Я прохожу мимо комнаты Ронана и задерживаюсь там на секунду слишком долго — или, возможно, на десять секунд; не могу сказать.

Боже. Я начинаю походить на одного из тех идиотских гормональных подростков, над которыми, как мне казалось, я была выше. Оказывается, я не так уж далека ушла.

Черт возьми.

Хорошо, я притворюсь, что меня устраивает, произошедшее в The Meet Up. В конце концов, причина, по которой я ушла, была глупой. Я слишком остро отреагировала и вела себя как дура и... черт, я преследовала его в Инстаграме все выходные, ожидая, что он опубликует фотографию с любой другой девушкой, чтобы я могла наброситься на него.

Он этого не сделал.

Он опубликовал две фотографии. На одной были он и Ксандер, полуголые, в темных очках, отдыхающие у бассейна последнего.

Подпись гласила: «Он ненавидит меня за то, что я его разбудил, но я рад, что mon fréro — мой друг вернулся».

Это вызвало улыбку на моем лице. Ронан, казалось, всегда ладил с Ксандером больше, чем с Коулом и Эйденом. Что-то подсказывает мне, что Ксандер также более терпим к личности Ронана, чем двое других.

На второй фотографии Ронан корчил рожу за спиной ничего не подозревающего Коула, который читал книгу.

Подпись говорила: Ботаник.

И все.

Он не прислал мне ни сообщения, ни позвонил, ничего такого. Ладно, может, то, как я ушла, не было обнадеживающим, но бросьте, это же Ронан. Я ожидала получить сообщение в тот же вечер.

Я продолжала пялиться на свой телефон весь ужин, пока Нокс не высмеял меня.

Потом, он не написал утром. Известно, что Ронан спит, но нет таких вечеринок, из-за которых он потерял бы сон.

Одно привело к другому, и следующее, что я помню, я у него дома.

Очень тактично, Тил.

Ну, раз уж я уже здесь, я могу с тем же успехом пойти с этим.

Я толкаю дверь его спальни, и звук голосов, доносящихся изнутри, останавливает меня на полпути.

— Эдрик недоволен, — говорит пожилой голос с шикарным акцентом.

Он не так шикарен, как у графа поместья, но близко.

Он стоит у окна. Ронан сидит с огромной ухмылкой, приклеенной к лицу.

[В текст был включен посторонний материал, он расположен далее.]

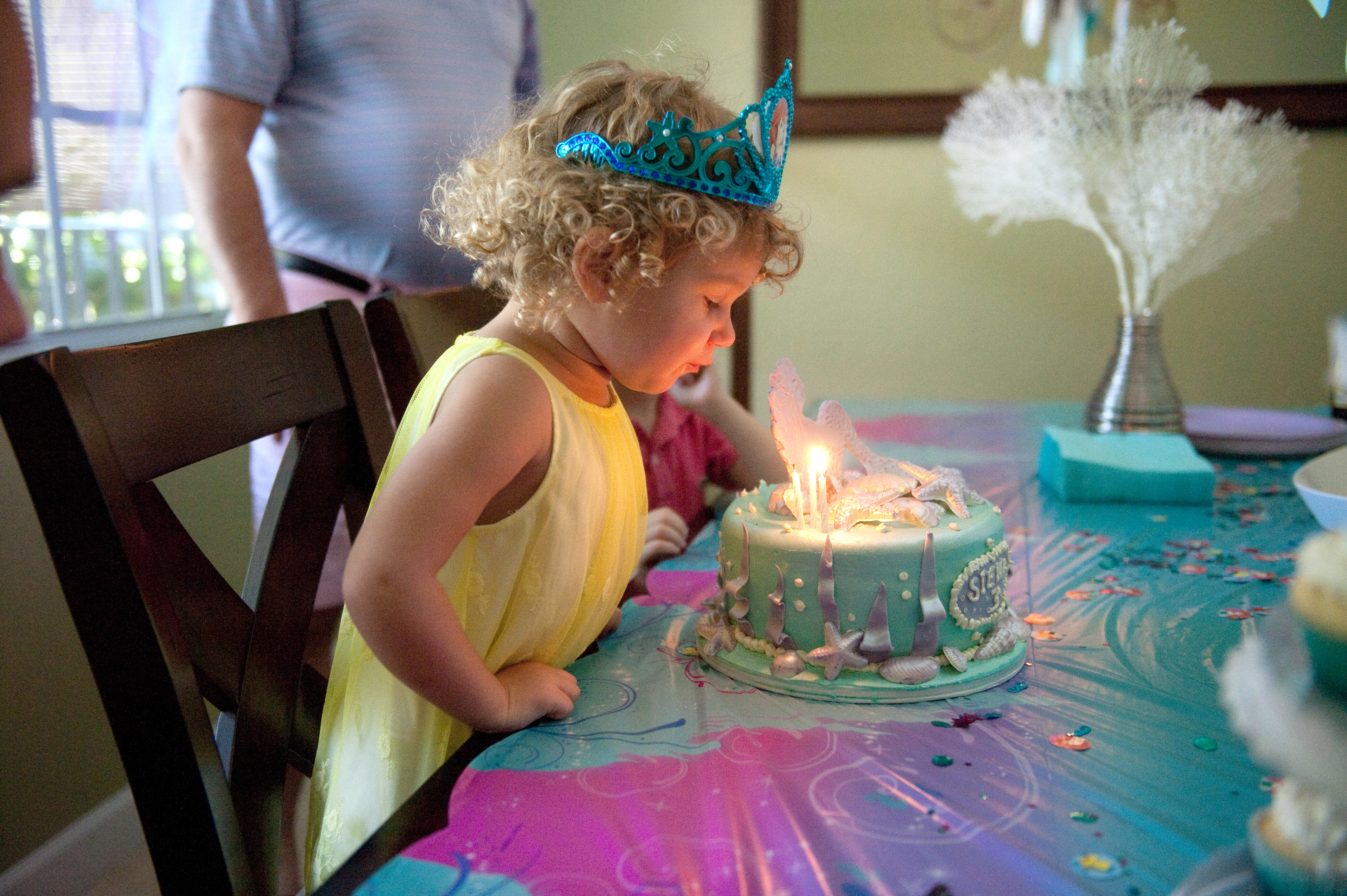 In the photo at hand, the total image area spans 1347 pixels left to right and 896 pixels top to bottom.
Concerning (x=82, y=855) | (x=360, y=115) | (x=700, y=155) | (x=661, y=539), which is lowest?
(x=82, y=855)

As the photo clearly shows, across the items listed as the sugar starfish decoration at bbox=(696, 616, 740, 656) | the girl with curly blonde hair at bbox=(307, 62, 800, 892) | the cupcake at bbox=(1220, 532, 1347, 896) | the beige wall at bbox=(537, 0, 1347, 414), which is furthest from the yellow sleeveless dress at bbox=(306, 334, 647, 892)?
the beige wall at bbox=(537, 0, 1347, 414)

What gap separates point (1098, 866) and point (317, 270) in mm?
1399

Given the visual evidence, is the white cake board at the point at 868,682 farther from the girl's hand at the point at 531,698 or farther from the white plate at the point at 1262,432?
the white plate at the point at 1262,432

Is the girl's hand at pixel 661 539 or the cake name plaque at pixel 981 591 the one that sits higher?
the cake name plaque at pixel 981 591

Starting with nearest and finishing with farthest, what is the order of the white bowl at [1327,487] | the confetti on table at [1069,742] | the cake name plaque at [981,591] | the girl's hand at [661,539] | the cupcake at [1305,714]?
the cupcake at [1305,714], the confetti on table at [1069,742], the cake name plaque at [981,591], the white bowl at [1327,487], the girl's hand at [661,539]

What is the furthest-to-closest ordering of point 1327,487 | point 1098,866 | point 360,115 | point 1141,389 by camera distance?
point 1141,389 → point 360,115 → point 1327,487 → point 1098,866

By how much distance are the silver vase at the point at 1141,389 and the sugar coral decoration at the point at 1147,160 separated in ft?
0.17

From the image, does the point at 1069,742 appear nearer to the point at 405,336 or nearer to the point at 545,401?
the point at 545,401

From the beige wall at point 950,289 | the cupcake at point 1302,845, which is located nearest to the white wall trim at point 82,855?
the cupcake at point 1302,845

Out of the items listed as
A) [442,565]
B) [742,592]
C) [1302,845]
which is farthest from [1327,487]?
[442,565]

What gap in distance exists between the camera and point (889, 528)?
0.79 m

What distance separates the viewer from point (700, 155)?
81cm

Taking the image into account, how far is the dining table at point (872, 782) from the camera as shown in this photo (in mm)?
526

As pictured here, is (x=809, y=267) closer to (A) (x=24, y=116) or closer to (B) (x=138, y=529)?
(A) (x=24, y=116) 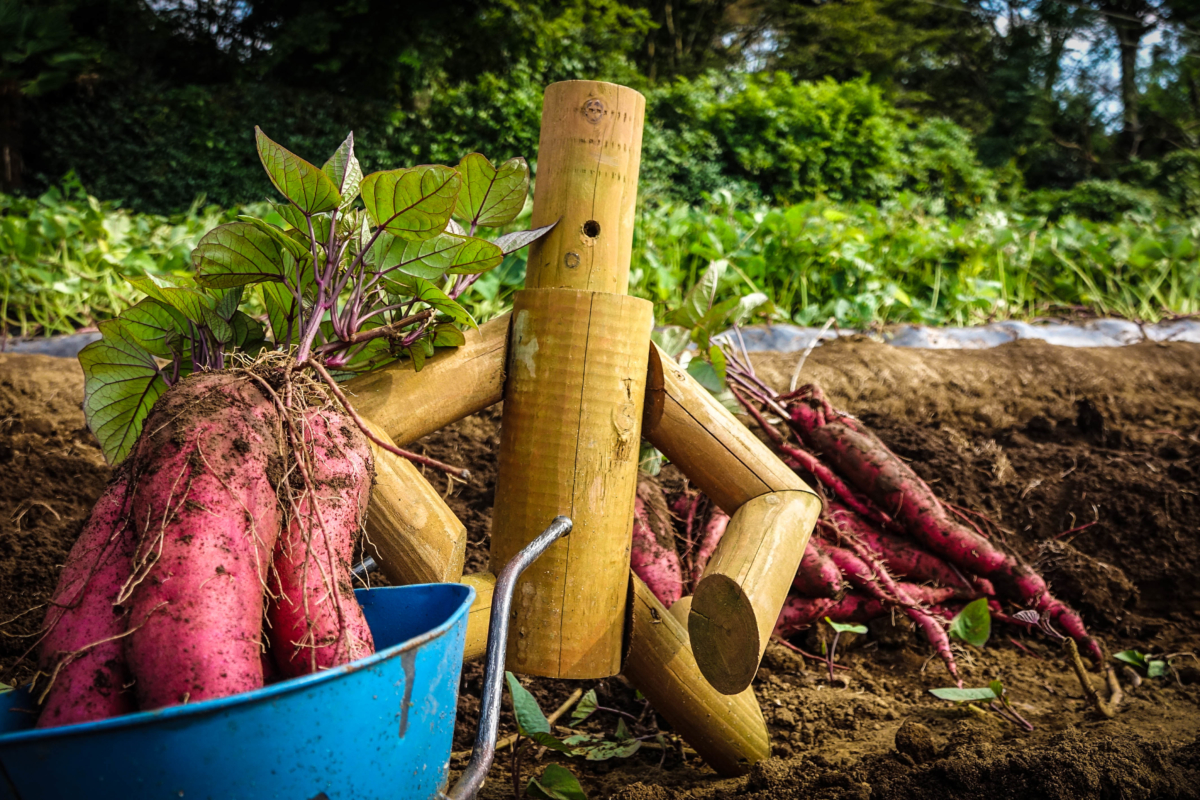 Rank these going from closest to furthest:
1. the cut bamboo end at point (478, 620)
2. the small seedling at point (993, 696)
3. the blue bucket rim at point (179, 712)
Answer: the blue bucket rim at point (179, 712) < the cut bamboo end at point (478, 620) < the small seedling at point (993, 696)

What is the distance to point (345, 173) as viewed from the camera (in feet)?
3.76

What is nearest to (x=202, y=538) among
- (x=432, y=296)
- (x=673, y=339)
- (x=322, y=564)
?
(x=322, y=564)

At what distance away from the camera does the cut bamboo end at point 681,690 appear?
1330mm

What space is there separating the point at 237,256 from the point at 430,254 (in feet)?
0.90

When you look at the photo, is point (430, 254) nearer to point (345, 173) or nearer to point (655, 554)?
point (345, 173)

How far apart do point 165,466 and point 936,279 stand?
4285 millimetres

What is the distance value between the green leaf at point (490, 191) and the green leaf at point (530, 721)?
0.80m

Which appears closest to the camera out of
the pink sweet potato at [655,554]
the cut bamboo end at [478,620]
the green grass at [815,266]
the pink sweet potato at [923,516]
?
the cut bamboo end at [478,620]

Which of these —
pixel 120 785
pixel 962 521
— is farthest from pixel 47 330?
pixel 962 521

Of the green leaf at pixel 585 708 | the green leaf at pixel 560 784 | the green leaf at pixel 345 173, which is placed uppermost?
the green leaf at pixel 345 173

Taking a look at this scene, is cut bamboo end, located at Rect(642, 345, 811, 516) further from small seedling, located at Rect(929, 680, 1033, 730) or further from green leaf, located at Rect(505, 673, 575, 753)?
small seedling, located at Rect(929, 680, 1033, 730)

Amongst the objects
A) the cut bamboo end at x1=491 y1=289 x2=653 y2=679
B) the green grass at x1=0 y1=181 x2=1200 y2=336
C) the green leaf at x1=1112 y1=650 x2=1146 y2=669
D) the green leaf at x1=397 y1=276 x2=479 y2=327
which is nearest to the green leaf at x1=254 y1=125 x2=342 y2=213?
the green leaf at x1=397 y1=276 x2=479 y2=327

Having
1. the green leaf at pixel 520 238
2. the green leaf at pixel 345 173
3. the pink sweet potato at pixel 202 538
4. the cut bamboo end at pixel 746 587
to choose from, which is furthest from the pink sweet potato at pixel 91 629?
the cut bamboo end at pixel 746 587

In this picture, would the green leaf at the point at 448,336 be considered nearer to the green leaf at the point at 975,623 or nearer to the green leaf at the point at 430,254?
the green leaf at the point at 430,254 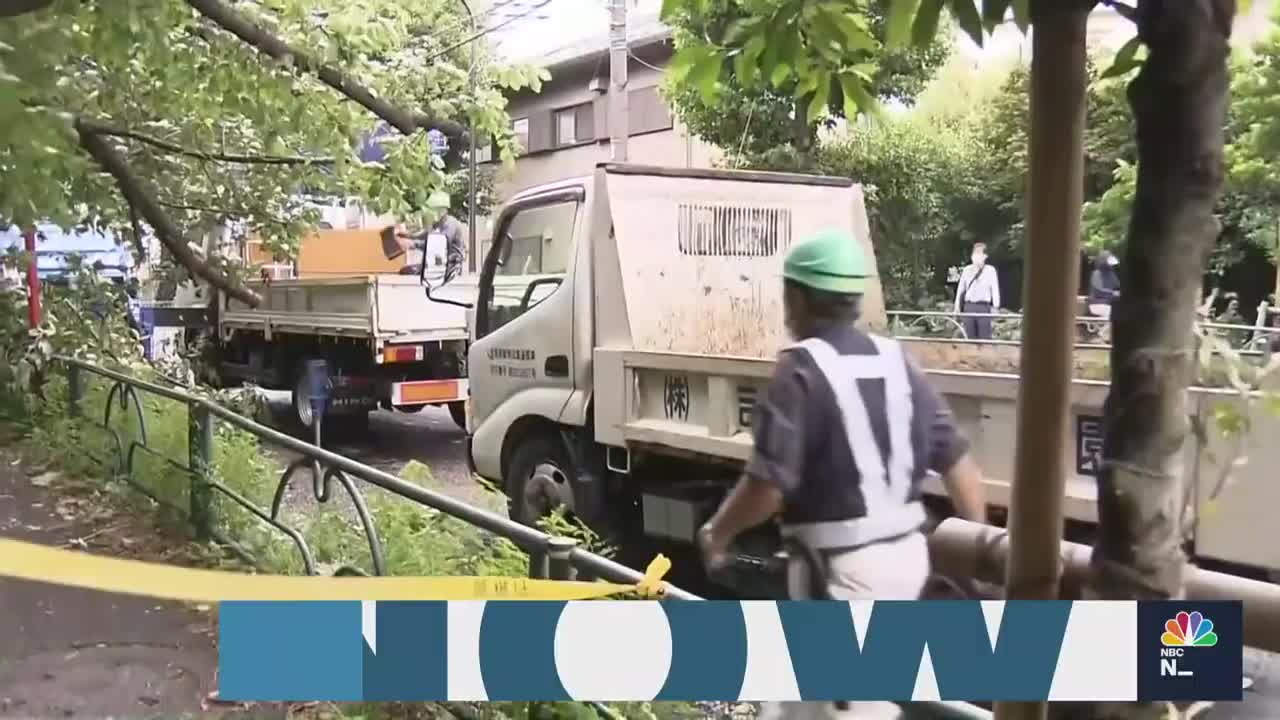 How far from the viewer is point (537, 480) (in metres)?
5.52

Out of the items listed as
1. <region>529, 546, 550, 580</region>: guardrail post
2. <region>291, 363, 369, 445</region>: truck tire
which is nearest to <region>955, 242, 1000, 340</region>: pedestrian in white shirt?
<region>529, 546, 550, 580</region>: guardrail post

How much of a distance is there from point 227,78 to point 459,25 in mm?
1288

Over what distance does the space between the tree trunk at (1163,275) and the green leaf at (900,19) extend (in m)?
0.34

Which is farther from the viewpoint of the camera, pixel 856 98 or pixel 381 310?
pixel 381 310

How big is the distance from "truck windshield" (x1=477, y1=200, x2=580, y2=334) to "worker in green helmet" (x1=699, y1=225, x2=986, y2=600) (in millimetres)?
3293

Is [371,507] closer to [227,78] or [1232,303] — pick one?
[227,78]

— Боюсь, удовольствие моего отца не мое дело. — Ронан издает долгий насмешливый вздох.

— Ты всегда вёл себя так, что это не устраивало твоих родителей, — говорит мужчина.

Его голос знаком, я полагаю, потому что он брат Эдрика — тот, кто вернулся из Австралии, чтобы помочь с компанией.

Со своего места я вижу только спину Эдуарда Астора. На нем отвратительный темно-красный костюм и коричневые кожаные ботинки.

— Я знаю, хорошо? — ухмылка Ронана становится шире.

Я почти чувствую силу, стоящую за этим, и то, как он пытается удержать свои мышцы на месте.

— Некоторые могут даже заподозрить, что ты похож на меня, — голос Эдуарда становится зловещим, ровным. — Разве в этом не было бы иронии судьбы?

— Пошёл. Ты. — Ронан встает так, чтобы быть лицом к лицу со своим дядей, но улыбка не покидает его лица.

— Следи за языком. — я слышу ухмылку в голосе Эдуарда. — Ты наследник графа.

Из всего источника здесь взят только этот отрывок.